To understand the anomalous bromine bond length behavior, we have constructed several model calculations. A 1D model of bromine arranged in a head-to-tail fashion was studied. The evolution of the intramolecular distance with compression presented in Fig. S2 shows the intramolecular distance increases monotonically with pressure and then dissociates into a monoatomic chain. No decrease of the intramolecular distance is found before the onset of dissociation.
We then investigated the effect of the interlayer interaction on the Br2 bond length. For this purpose a single 2D layer of bromine extracted from the Cmca structure (Fig. 1a) is compressed. With this model, the anomalous bond length (r1) behavior is reproduced (Fig. S3). In this case, the intramolecular distance at ambient pressure is found to be further overestimated by 0.2% (i.e., 2.392 Å) compare to the 3D Cmca structure. Consequently, the calculated transition pressure of ~4 GPa is further reduced. The results show the interlayer interaction is not solely responsible for the anomalous bond length behavior.
Charge density analysis
In the 3D Cmca structure, the first intermolecular neighbor (r2, between Br(1) and Br(3) and second intermolecular neighbor distances (r3, between Br(2) and Br(4)) depicted in Fig. 2a are found to decrease continuously with pressure. r2 decreased from the initial value of 3.108 Å at ambient with increasing pressure and this help to enhance intermolecular interactions and resulted in longer intramolecular Br-Br bond lengths. On the other hand, the second intermolecular neighbor r3 is 3.614 Å at ambient pressure and therefore the second neighbor interaction is much weaker. However, upon compression, r3 decreased faster than r2 and at the turnover of the intramolecular bond length, r3 decreased to 3.256 Å, which is comparable to r2 at ambient pressure. This observation shows the contribution of the second neighbor intermolecular interaction to the structural change will become more important at higher pressures. This is supported by charge density analysis of the Cmca structure at several pressures (Fig. 2c). The second neighbor intermolecular interaction between atoms 2 and 4 starts to emerge until the pressure increases up to 7.1 GPa as highlighted in Fig. 2c. The closer contact with the second nearest intermolecular neighbor changed the relative orientation of the bromine molecules upon compression. Fig. 2b shows significant changes in all the intermolecular angles (illustrated in Fig. 1a). In particular, the interatomic angle θ 4 of Br(3)-Br(1)-Br(2) atoms decreased rapidly until ca. 5 GPa, incidentally, close to the theoretical pressure for the reversal of the Br2 bond length. The application of external pressure forced the bromine molecule (Br(1)-Br(2)) to rotate clockwise and led to the decrease of the second neighbor distance r3. When the pressure approaches the bond length reversal, the second neighbor interaction has increased significantly and hindered further rotation of the bromine molecules. It can be concluded that the increasing role of the second neighbor intermolecular interaction is the fundamental reason for the anomalous bond length trend.

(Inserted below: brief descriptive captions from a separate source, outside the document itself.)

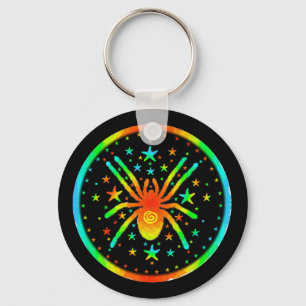 Chaveiro cósmico da aranha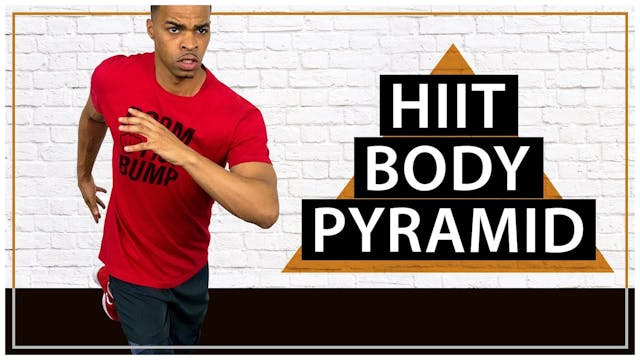 30 Minute Bodyweight Pyramid HIIT & C...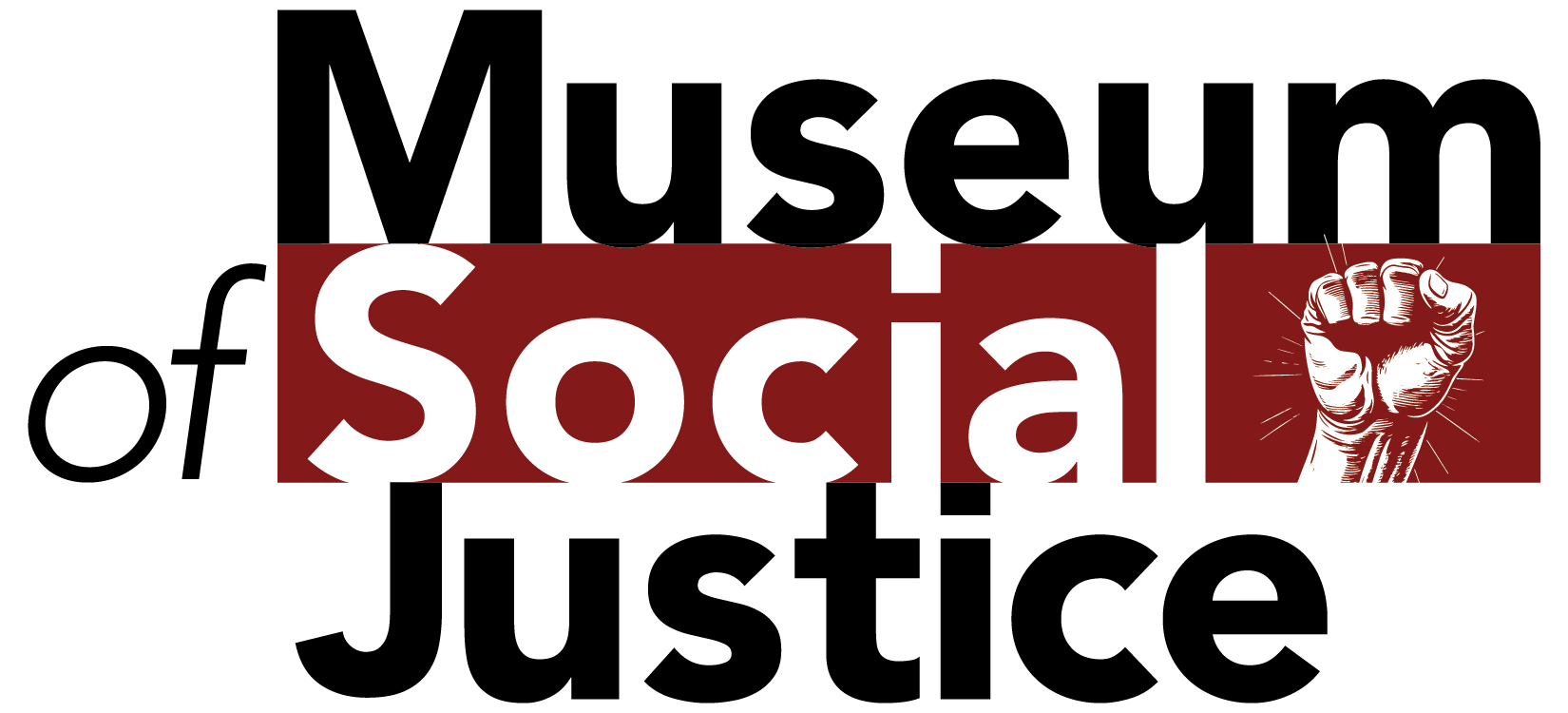 The Museum of Social Justice logo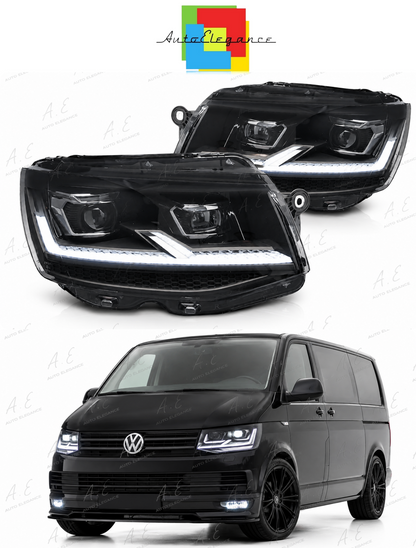 ART.10045 FARI  ANTERIORI ADATTO PER VW T6 15-19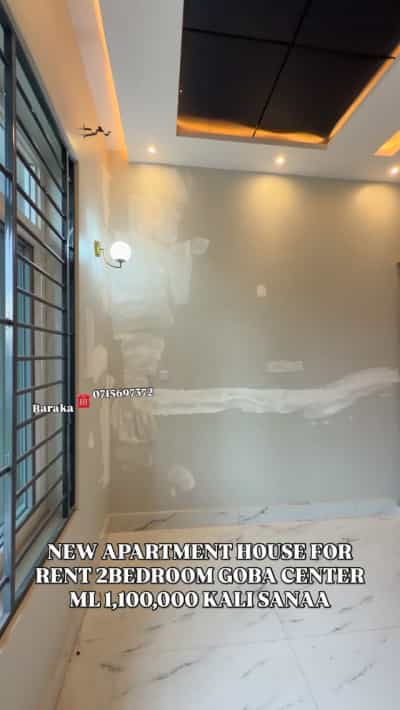 Apartment ya vyumba viwili inapangishwa Goba Center, Dar Es Salaam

Raman spectra calculations
Figure S4 shows the calculated Raman spectra of the Cmca structure at selected pressures. At ambient pressure when the intermolecular interactions are very weak almost no active librational Raman mode is visible. As the pressure is increased, a low frequency librational mode Ag(L) starts to emerge which is followed by a second librational mode B3g(L) at 5.4 GPa. The appearance of the latter mode is consistent with the calculated bond length reversal as the librational motion of B3g(L) is influenced by the second neighbor intermolecular interaction. The hysteretic appearance of the B3g(L) Rama mode was also observed in the Raman experiment5. No extra active Raman mode of the molecular Cmca phase is found in the calculations, indicating the splitting of the Raman peak observed in the experiment at 25 GPa is due to a new unknown phase.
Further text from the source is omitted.